------ DATA SHOWN
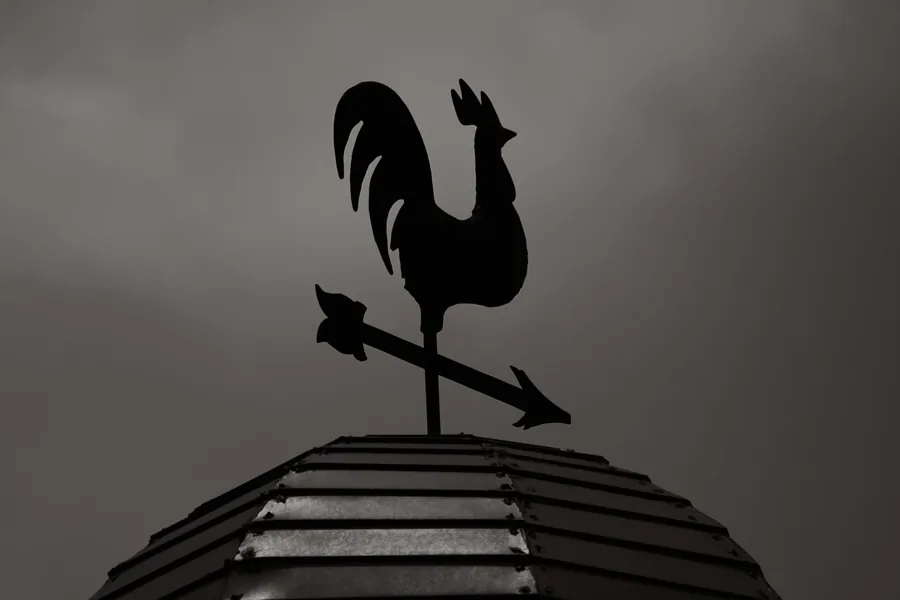 A weather vane on a ridge against heavy cloud, showing the prevailing wind that drives rain under the laps at the edges of a Carlisle roof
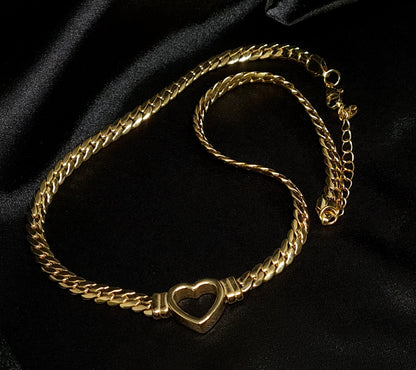 Gold necklace with heart pendant on black background. The necklace is made of gold and has a heart pendant in the center. The heart is gold and has a smooth surface. The necklace is sitting on a black background, which provides a nice contrast to the gold color of the heart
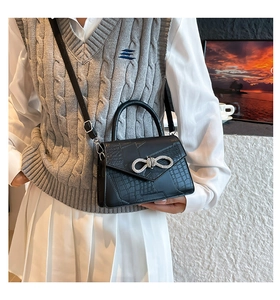 Detail of a black crocodile pattern handbag with a rhinestone bow on a female model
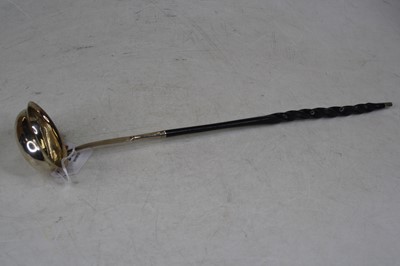 Lot 249 - A George III silver toddy ladle, having a...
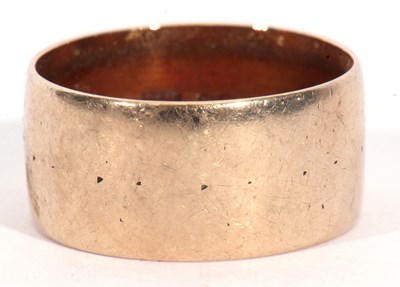 Lot 18 - 9ct gold wide band wedding ring of plain and...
------------
#### WHAT IS EXPECTED:
Only the lines from the one containing "Gold necklace with" through the final line of the entries belong in the copy, both ends included. Pictures stay out.

#### WRITTEN RESPONSE:
 Gold necklace with heart pendant on black background. The necklace is made of gold and has a heart pendant in the center. The heart is gold and has a smooth surface. The necklace is sitting on a black background, which provides a nice contrast to the gold color of the heart
 Detail of a black crocodile pattern handbag with a rhinestone bow on a female model
 Lot 249 - A George III silver toddy ladle, having a...
 Lot 18 - 9ct gold wide band wedding ring of plain and...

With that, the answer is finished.